Mas, entrado o século XXI, podemos dizer que os intelectuais exercem algum poder, são ainda influentes, como foram a seu tempo ZOLA, SARTRE, GIDE? A resposta é negativa. Hoje, não há nenhum intelectual dessa estatura.
Mas como o poder não convive com o vácuo, que tipo de personagem assumiu o lugar do intelectual?
O jornal espanhol “El Pais”, edição de Madrid de ontem, traz interessante matéria sobre um de nossos “youtubers” mais influentes, e que se utiliza de suas postagens para combater o que ele considera um produto do fascismo no Brasil.
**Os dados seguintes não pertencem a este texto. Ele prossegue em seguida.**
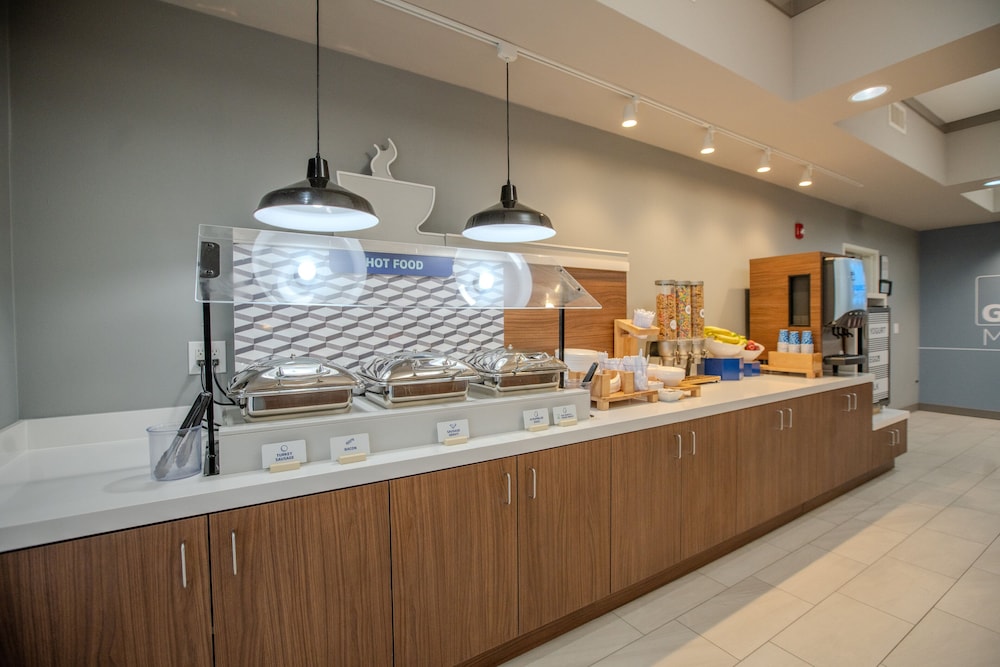 Holiday Inn Express Cleveland by IHG - photo 49
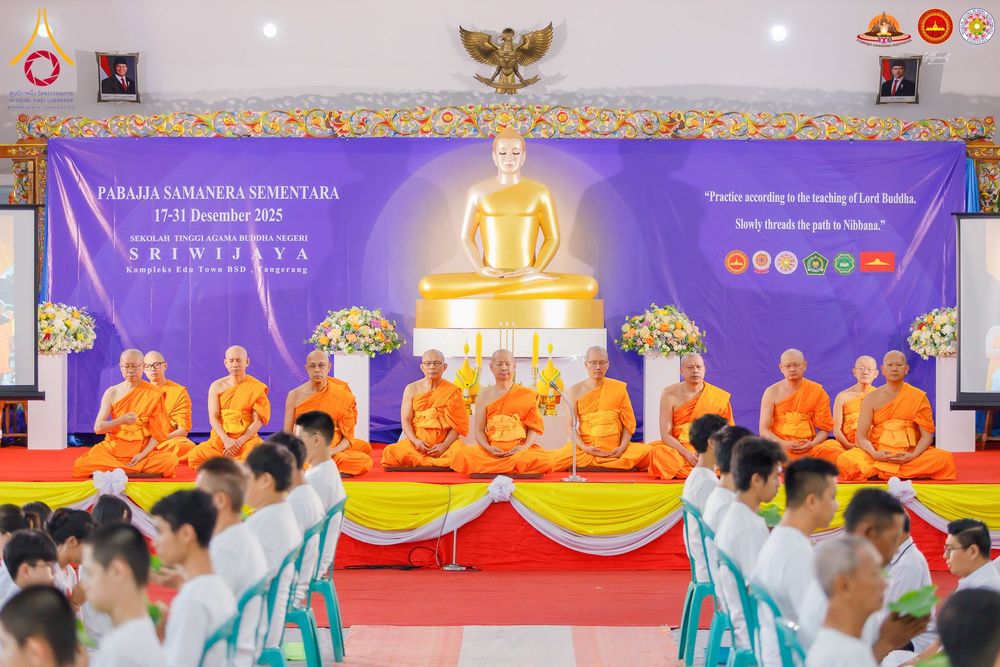 ภาพ No.284455:วันพุธที่ 17  ธันวาคม พ.ศ.2568  พิธีปลงผมนาคธรรมทายาท  โครงการบรรพชาสามเณรและบวชอุบาสิกาแก้ว  ณ วิทยาลัยศรีวิจายา (Sekolah Tinggi Agama Buddha Negeri Sriwijaya) เมืองตังเกอรัง จังหวัดบันเตน ประเทศอินโดนีเซีย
Seguido por quarenta milhões de seguidores, esse “youtuber” exerce, sem dúvida, um papel que era antes ocupado exclusivamente pelos intelectuais.
Parafraseando MACHADO DE ASSIS, que se indagava se ele havia mudado, ou mudara o Natal, podemos dizer: O que terá mudado: os intelectuais ou o mundo?
Não há dúvida de que não temos mais intelectuais do nível de ZOLA, SARTRE, ISAIAH BERLIN. Mas substitui-los por “youtubers” é que o problema.
Como escreveu ORTEGA Y GASSET no prólogo à indispensável obra “Historia de la Filosofia”, de EMILE BREHIER (sem tradução ainda para o português), em todas as épocas da história da Filosofia encontraremos algumas que podem ser qualificadas como de transição, e outras de épocas de decadência, em que algo decai, para que outras coisas possam germinar. É o que sucede com a nossa época: uma época de decadência, em que os intelectuais foram substituídos por “youtubers”, o que não significa, como adverte ORTEGA Y GASSET, que não existam ainda coisas boas em nossa era.